Now, suddenly, some are warning against a content overload and advising to keep faith in email. Oh, and keep a keen eye on marketing automation, too.
Finding the right advice
A lot of these sentiments can be good advice, depending on who you listen to, but to me it underlines the essentials of having a solid digital strategy. To listen to only the advice that’s relevant to your business, using the marketing channels that you need, and planning ahead with the tools that will boost your business.
I’ve learnt a lot of experience during my time in the digital marketing industry, and nothing has been more valuable to me than the mistakes made while at larger companies. Why? Because at times the companies I worked for would create a new department because a new marketing channel had appeared.
Social media’s the next big thing? We’d better invest in social and get some guys in that know about Facebook. Only, in a company of 80+ people, it doesn’t really work as smoothly as that…
The most valuable piece of advice I can give to medium-sized and larger companies is, no matter what you’re recruiting for, you need give people a lot of time to acclimatise to the culture of a company and integrate their ideas into your overall strategy.
If you’re investing in somebody and their ideas, then surely you’ve mulled over it and considered where they fit in?
Making the most of your team
Larger companies are typically slower to adapt to shifts in the digital landscape because of their size and the different demands of various departments. To this end there are a number of different tools you can make use of help speed things up; BaseCamp is an especially effective tool for SEO while Sprout is excellent for organising social campaigns.
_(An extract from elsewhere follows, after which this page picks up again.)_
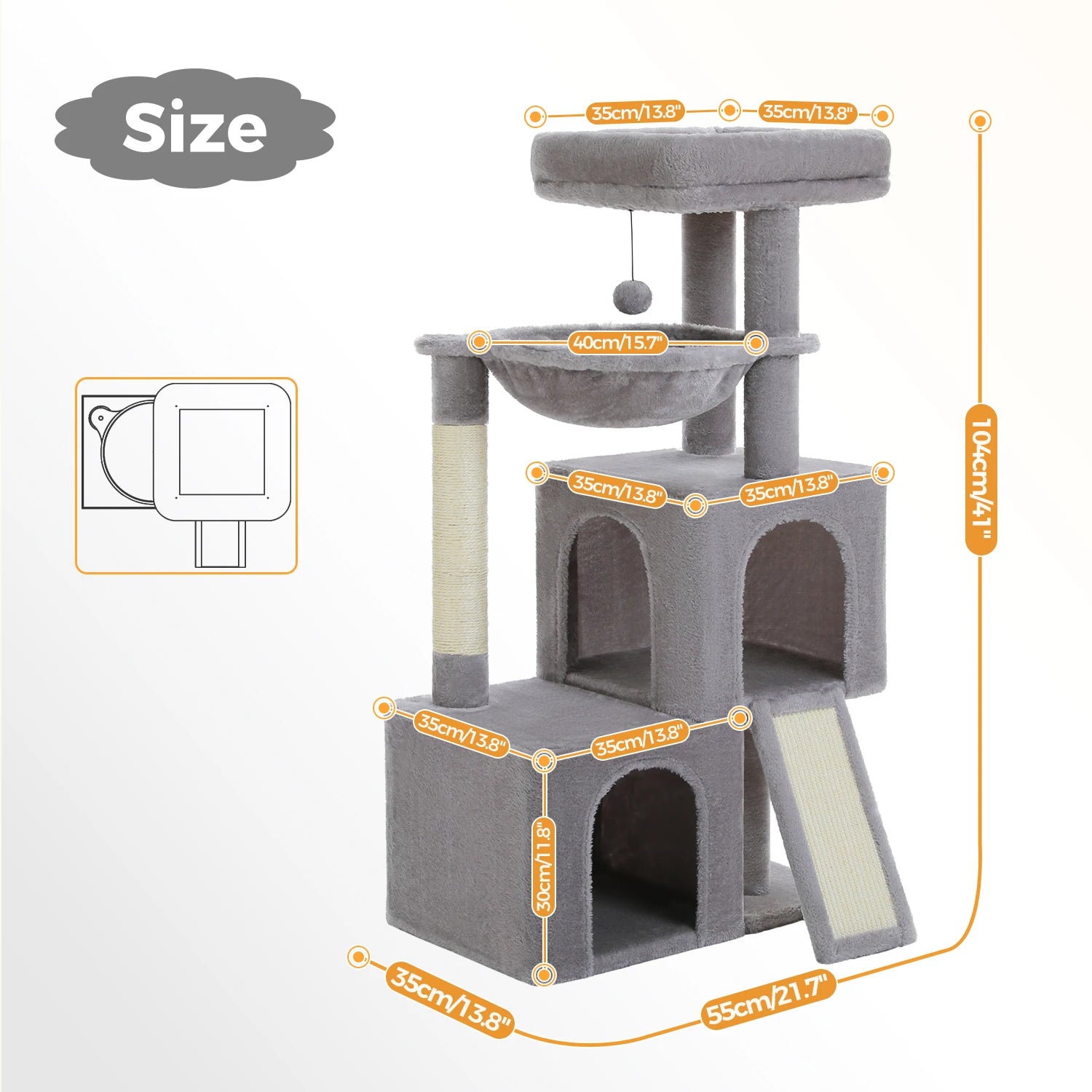 All-in-One Cozy Climbing & Resting Tower for Indoor Cats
Invest wisely and there’s no reason why all your marketing efforts can’t be brought in-house at a more affordable cost than outsourcing. If you’ve ever been with an agency and had monthly reports then what are they really saying to you? How useful is the data really, especially if you’re paying for your reports?
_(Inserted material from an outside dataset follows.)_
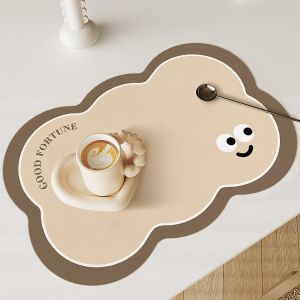 Leather Table Mat Waterproof Oil Resistant Small Dining Table Heat Insulation Pad Luxury Western Style PVC Hotel Dinner Plate Pad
The bottom line from my experience is to educate and innovate rather than expecting instant results and wasting time with impatience. An investment in the right person and consolidating your strategy to streamline internal communications over the long-term is more effective than throwing money at marketing.
The speed of change within the industry is my case in point. Instead of lumbering to catch up, you should look to strategise internally, hand the reigns to brilliant minds and give them time to shine.